LSE project exploring the opportunity and challenges for business of teams of teams model

In an evolving agile landscape, organisational silos (Individual units) are time consuming and ineffective.

Siloed teams inhibit adaptability, flexibility, innovation, and efficiency (Brosseau et al., 2019)

So, what is the solution? Build (or recognise!) an alternative model that supports better communication and collaboration across teams and within organisations to empower teams and individuals to perform at their best in fast-changing times: teams of teams.

What are teams of teams?

  • Not a hierarchy.
  • Not a command of teams.
  • A genuine team of teams structure leverages the connections within and between teams and creates a connected culture.

Why teams of teams?

  • Research identifies multi-team systems (MTS) or teams of teams as the optimal structure for organisations to deliver results in a fast moving, complex, uncertain environment. (Salas et al., 2008)
  • MTS have been found to improve team performance as their focus goes beyond their immediate teams, and instead to cross-team goals using teamwork processes.
  • MTS increase innovation and creativity because they leverage the talents and thinking of a broader, diverse set of individuals.
  • Whether MTS have been explicitly established or not, the reality is that most organisations are operating them through cross-functional teams and matrices

Key findings

Knowledge, resilience and motivation

  • Knowledge networks, forged through interconnected relationships are essential to the creation, diffusion, absorption and use of knowledge across organisations.
  • Shared knowledge includes not just data and expertise, but also shared knowledge of working style and context across teams to genuinely tap into the organisation’s resources.
  • Sharing knowledge across all these dimensions enables organisations to be more resilient in fast-changing environments.
  • MTS are centered around goal-oriented interdependent teams which increase motivation in team members.

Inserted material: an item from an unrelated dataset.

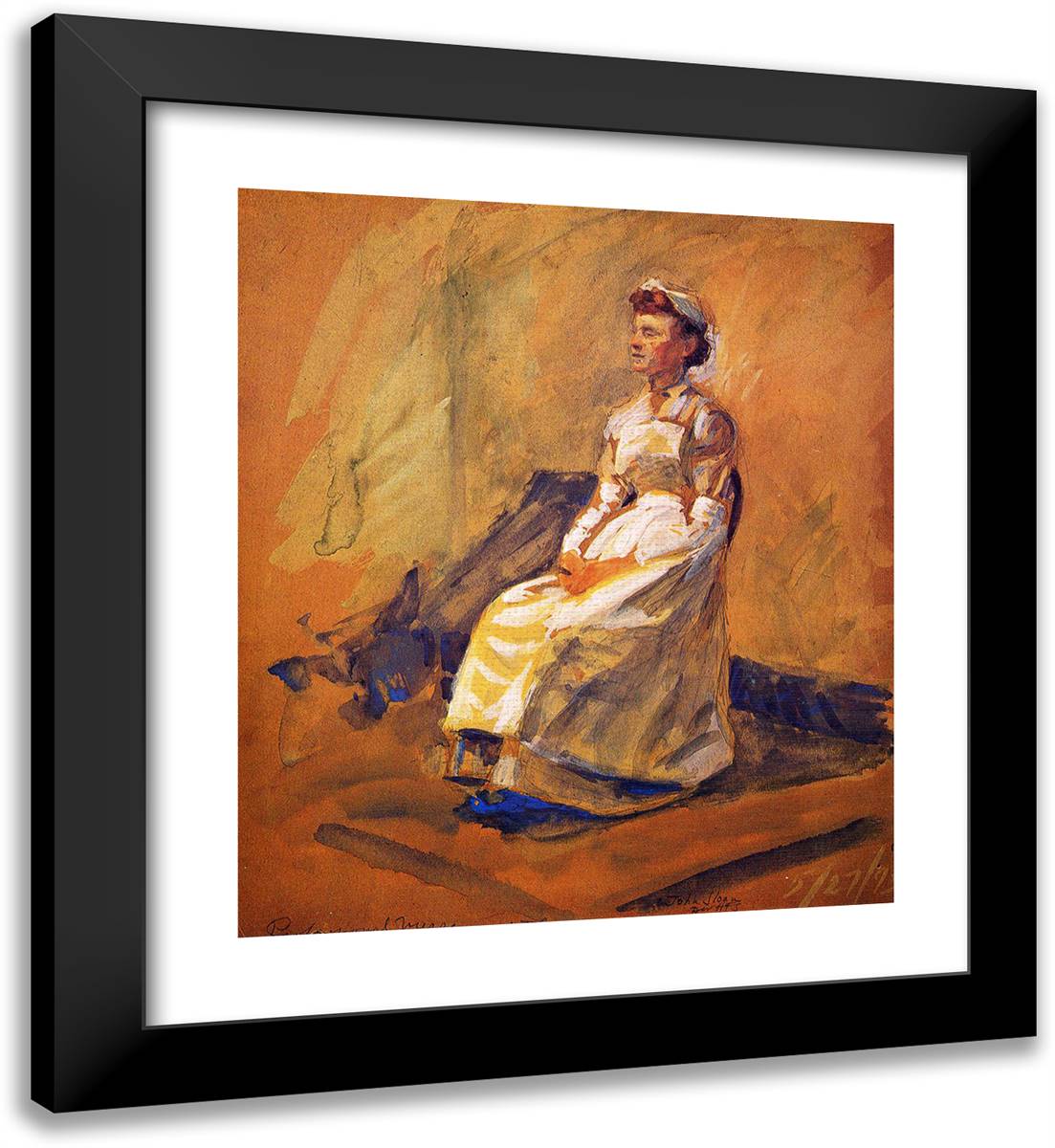 Professional Nurse 20x22 Black Modern Wood Framed Art Print Poster by Sloan, John French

Trust and psychological safety

  • Trust is consistently cited in research as a vital component for effective team performance.
  • In MTS, trust between teams becomes essential to effective execution and requires building relationships outside the core team.
  • Beyond trust, team psychological safety is a concept that was pioneered by Edmondson (1999) who recognized that while organisations can create cultures of psychological safety, it is in teams where it becomes a reality.

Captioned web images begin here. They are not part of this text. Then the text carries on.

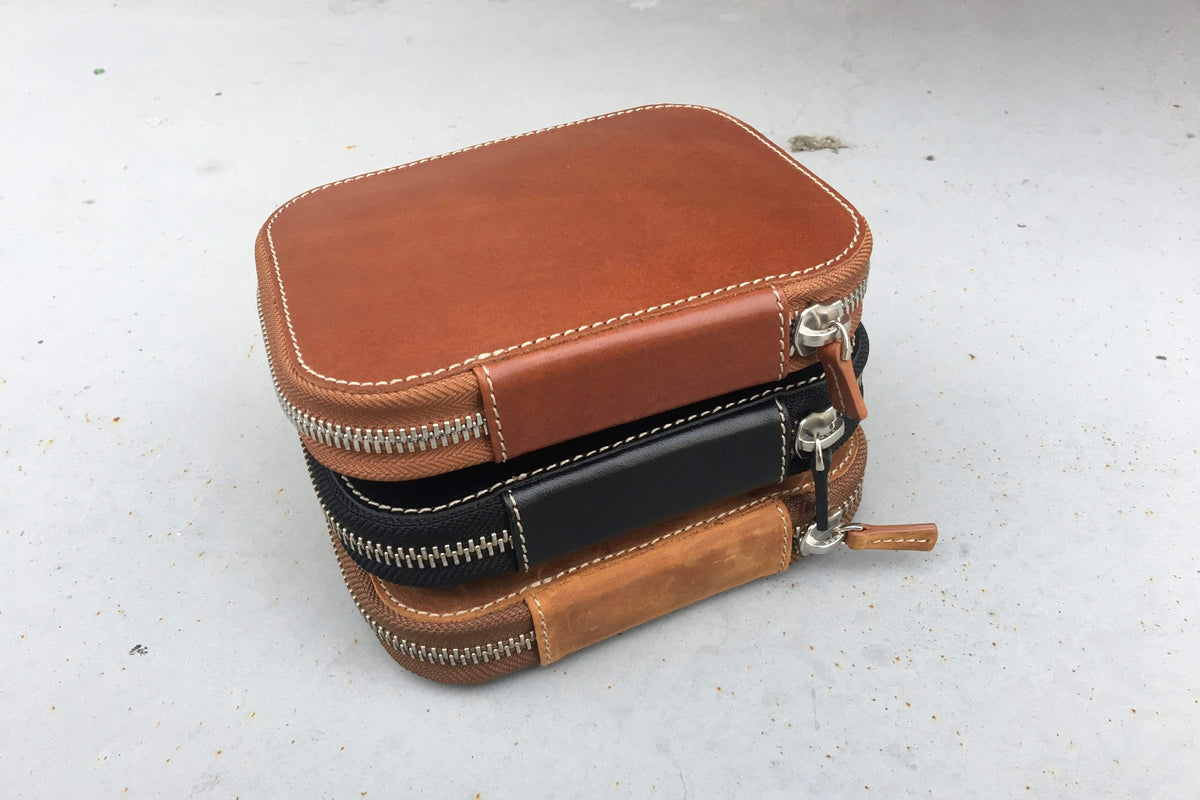 Galen Leather Zippered 6 Slots Pen Case - Black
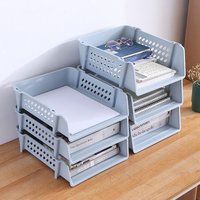 Office Stackable Layered File Rack Document Tray Holder Desktop Organizer Paper Storage Case Household Catagory Storage Shelf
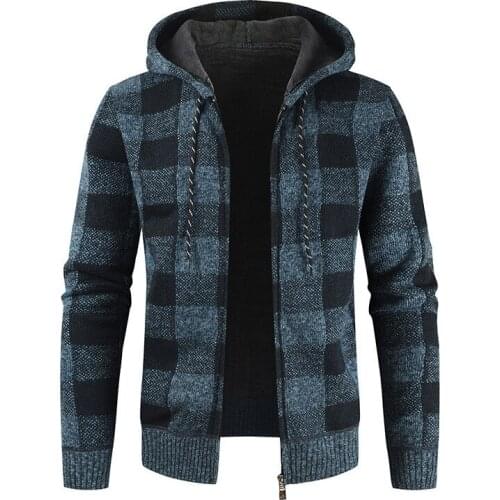 Mens winter Cardigan sweater Plus velvet warm Hooded men coats Casual sweater men Casual plus size mens clothes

Leadership is the key enabler

  • The role of leaders within and among teams is to create clarity about the context in which they operate – to see and make sense of the system in which the teams must work.
  • Knowledge sharing becomes not simply about content but more broadly about a mindset of unblocking communication channels to enable sharing of content, ideas, context and skills.
  • The team leader needs to become untethered from a single team in order to become an effective leader of teams.
  • Leaders need to proactively mitigate the potential downsides of MTS – rivalries and slow communication – by becoming the connectors within the system.

Final thoughts

  1. MTS environments are emerging as the new normal for success in a rapidly changing world. Teams are where the work gets done.
  2. Hierarchical leadership is replaced by an evolving network of teams working towards a common goal, building relationships at all levels across the network.
  3. MTS exist across the organisation already and not just in specific/selected groups. It is essential to recognize this in order to proactively leverage the opportunity this brings, amplifying MTS impact.
  4. MTS need the right kind of leadership – specifically transformational leaders as facilitators and coaches, enabling effective communication and inter-team collaboration. This requires a distinct mindset shift to work in service of the system rather than vice versa.
  5. This leadership mindset will enable organizations to proactively mitigate the downsides of MTS, including rivalries and slow communication and instead unleash the power of effective networks of integrated, high performing teams.